> Work instruction: Your copy begins at the line with "比脸还大的鸡腿-阿飛冰室(下沙店)" and runs through the end of the data below. Set down only those lines exactly, without pictures.
^^^^^^^^^^^^^^^^
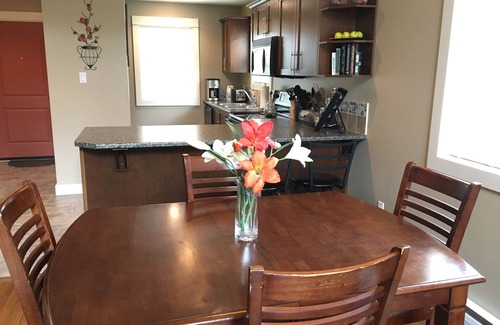 Regional District of Nanaimo Cottage | Parksville, Oceanside Village - special prices for long stays available!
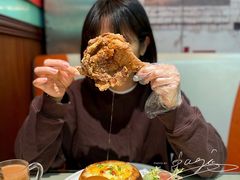 比脸还大的鸡腿-阿飛冰室(下沙店)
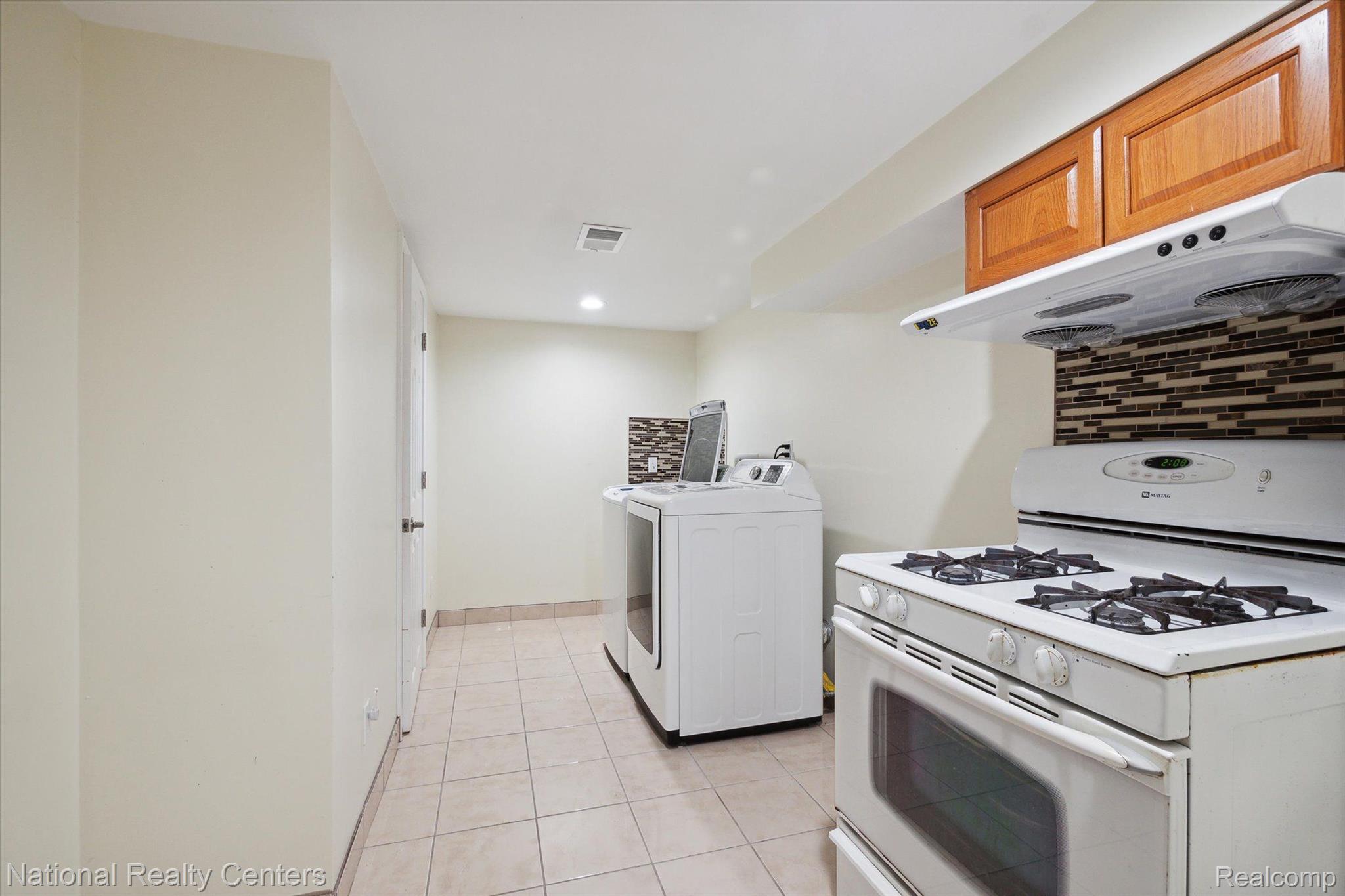 6115 Raintree Drive Canton, MI 48187 - Photo 46 of 52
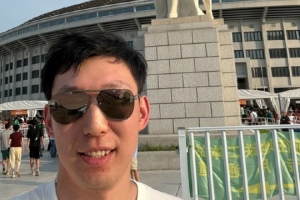 足篮联动!周琦支持同城球队:三里屯国安打卡!配图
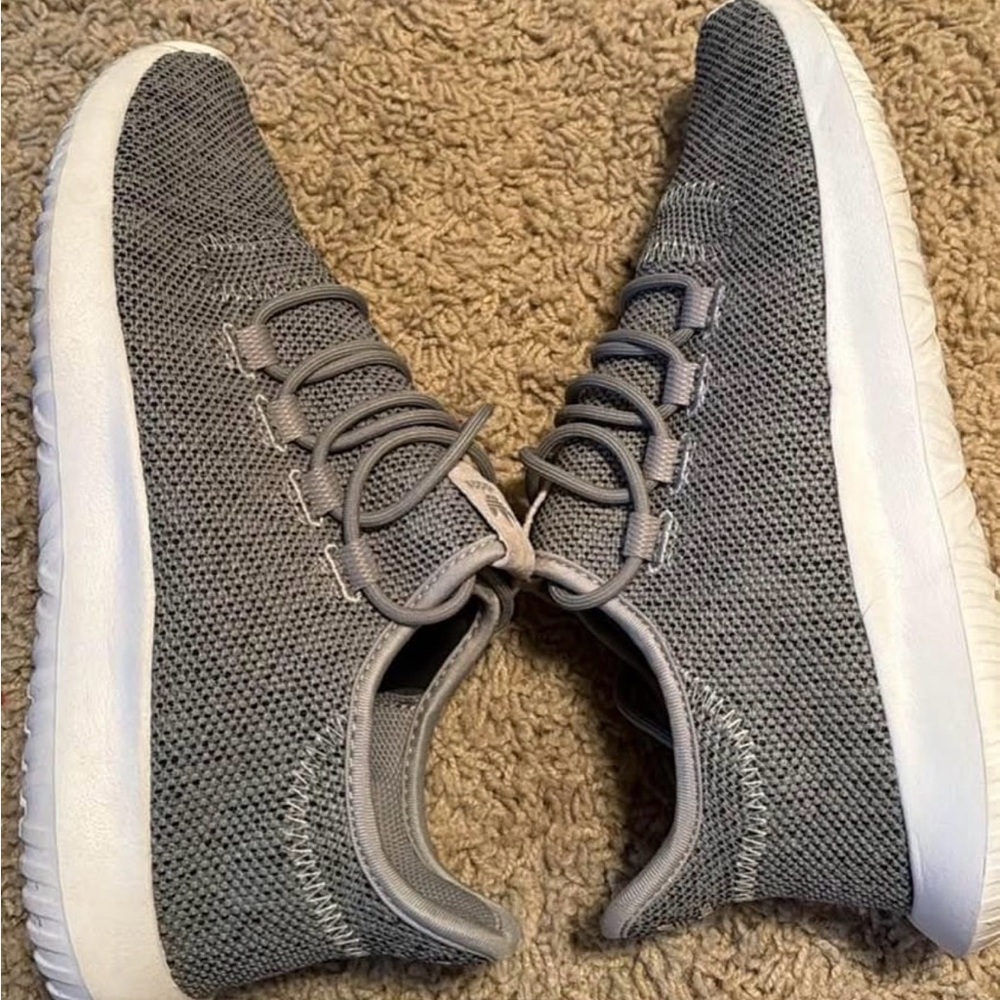 Adidas Tubular Sneaker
^^^^^^^^^^^^^^^^
> Task response:
 比脸还大的鸡腿-阿飛冰室(下沙店)
 6115 Raintree Drive Canton, MI 48187 - Photo 46 of 52
 足篮联动!周琦支持同城球队:三里屯国安打卡!配图
 Adidas Tubular Sneaker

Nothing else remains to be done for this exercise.